LSB questions ‘one size fits all’ approach to indemnity insurance


PII: LSB to provide advice on different models

The diversity of the legal services sector means the one-size-fits-all approach to professional indemnity insurance (PII) adopted by its regulators “may not be the most appropriate”, the Legal Services Board (LSB) has said.

It is set to provide advice to regulators about different models they could use, such as practice area-specific mutual funds and encouraging the use of third-party managed accounts.

The oversight regulator committed last year to investigating financial protection for consumers in the wake of the hardening PII market in 2021, which led to a “sharp rise” in premiums and higher excess fees.
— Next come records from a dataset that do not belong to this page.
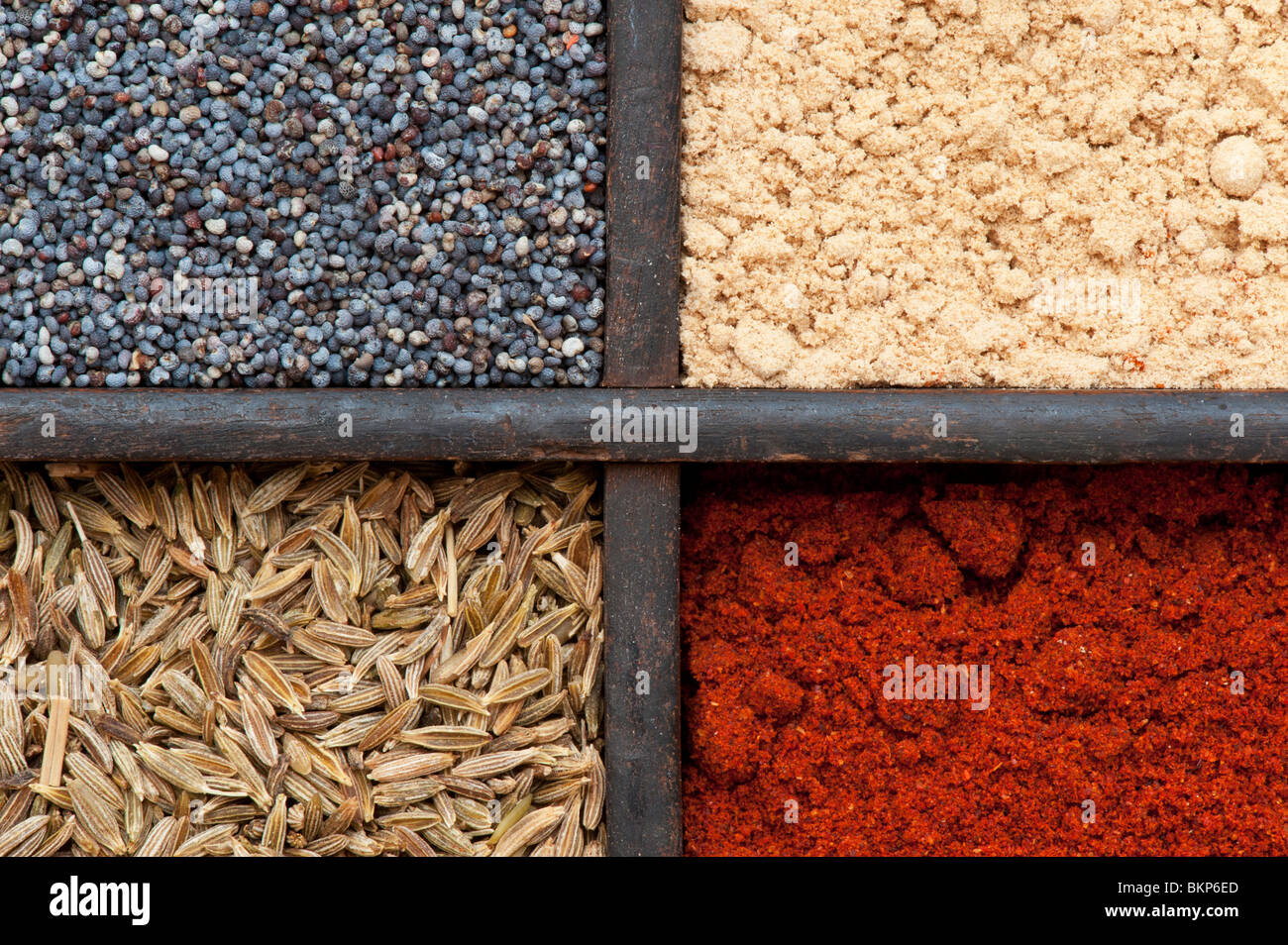 Indian spices in an old wooden tray Stock Photo Alamy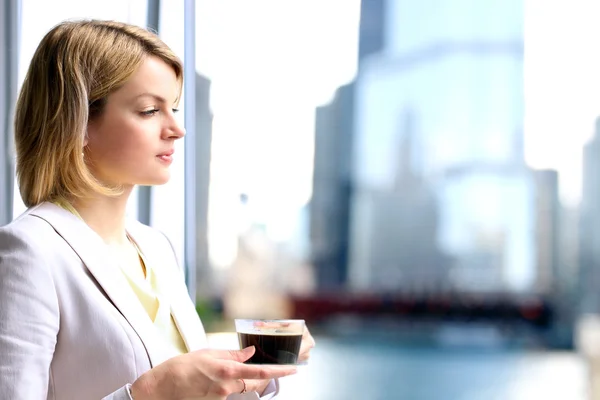 Portrait of business woman standing with coffee near window. Downtown area background — Stock Photo, Image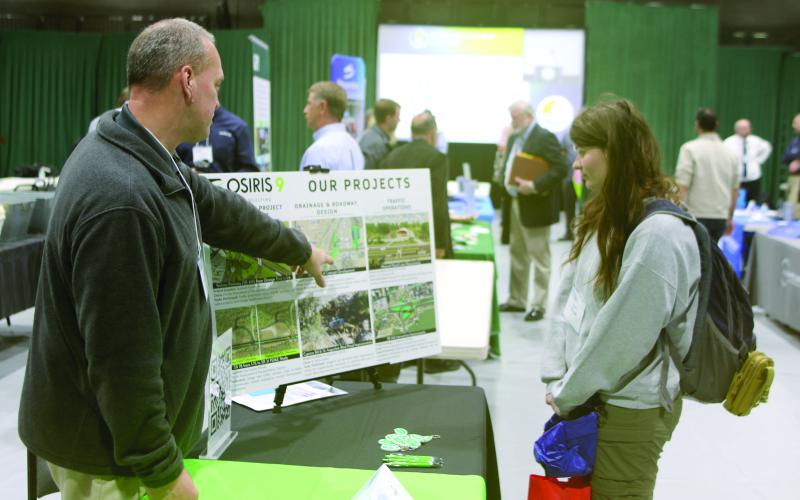 Bryon Wuczynski (left), an Osiris 9 representative, shows a list of recent projects to April Thomas with the Florida Department of Transportation. Osiris 9 helped develop the concept for the U.S. Highway 41 and Interstate 75 interchange project that will be starting soon in Ellisville. (TONY BRITT/Lake City Reporter)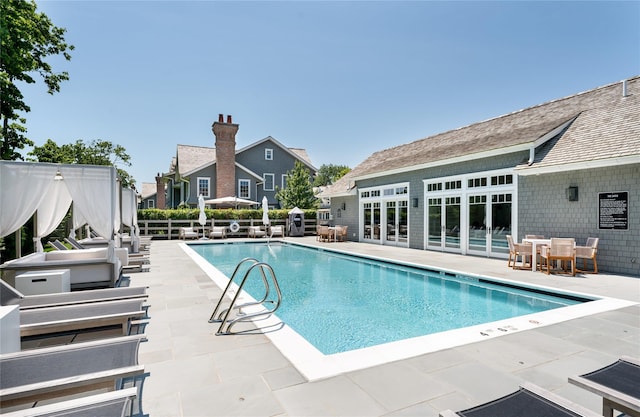 community pool featuring fence and a patio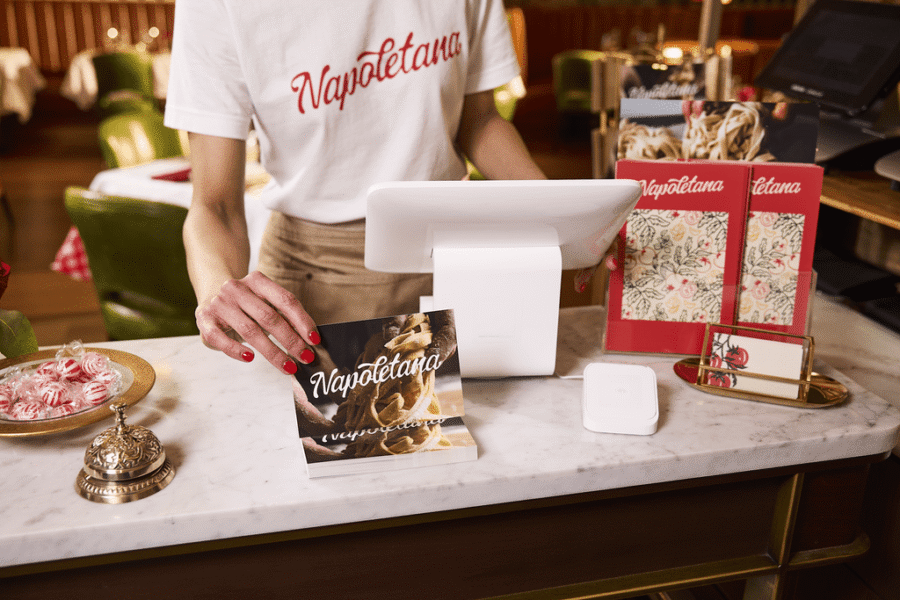 Restaurant host holding a branded postcard at a marble counter, surrounded by menus, business cards and cohesive branding design elements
As part of this, the LSB and Solicitors Regulation Authority (SRA) jointly commissioned Frontier Economics to analyse the factors that drove variation in PII premiums.

The full report is due to be published soon, but in a paper for last month’s board meeting, the LSB said it had concluded that “the most important drivers of premiums were firm size, and firms specialising in property work”.

Property law firms and small firms “tended to pay higher premiums as a percentage of their annual turnover, therefore their consumers might be most impacted by rising PII premiums”.

Researchers said that “to a lesser extent” law firms conducting private client, litigation and corporate work also paid higher premiums, a pattern which was “largely reflected” in their analysis of the estimated contribution of PII premiums to legal fees paid by consumers across different areas of law.

Other drivers of higher premiums included “having more fee-earners (and qualified fee-earners), holding high and variable amounts of client money, regulatory action, and more cyber insurance”.

Factors behind lower premiums included more work in employment law or legal aid work.

The LSB said it had concluded from these findings that “because the legal services sector is highly diversified, the one-size-fits-all approach adopted by regulators in their PII arrangements may not be the most appropriate”.

Conversely “there may be scope for a more graduated approach to PII that is more closely aligned to risk”.

There was also “a lack of transparency about what drives premiums, limiting the ability of firms to identify and respond to risks that would reduce their cost exposure”.

Although there was “limited evidence of consumer harm to date”, there was a risk of reduced access to services if higher prices for PII were passed onto consumers.

The LSB said that, after the Frontier Economics report was published, it would put together a paper “setting out insight and options for the legal services regulators to take into account, when they consider the PII  arrangements for their regulated communities”.

The paper would not take the form of rules, guidance or policy, but would “sit within the regulatory performance sourcebook”, meaning regulators should consider it when reviewing their PII arrangements.

The LSB said options in the paper for regulators could include alternative insurance models, such as “mutual funds for certain types of firms operating in specific practice areas”.

Other options were improving “existing tools such as third-party managed accounts” for small firms or ongoing competence, which could reduce the risk of claims arising.

Supervisory activities that could provide “additional assurance to insurers” were another option, along with “collaboration with financial institutions to improve use and quality of data gathered by PII insurers, for example through greater transparency or standardisation of renewal forms”.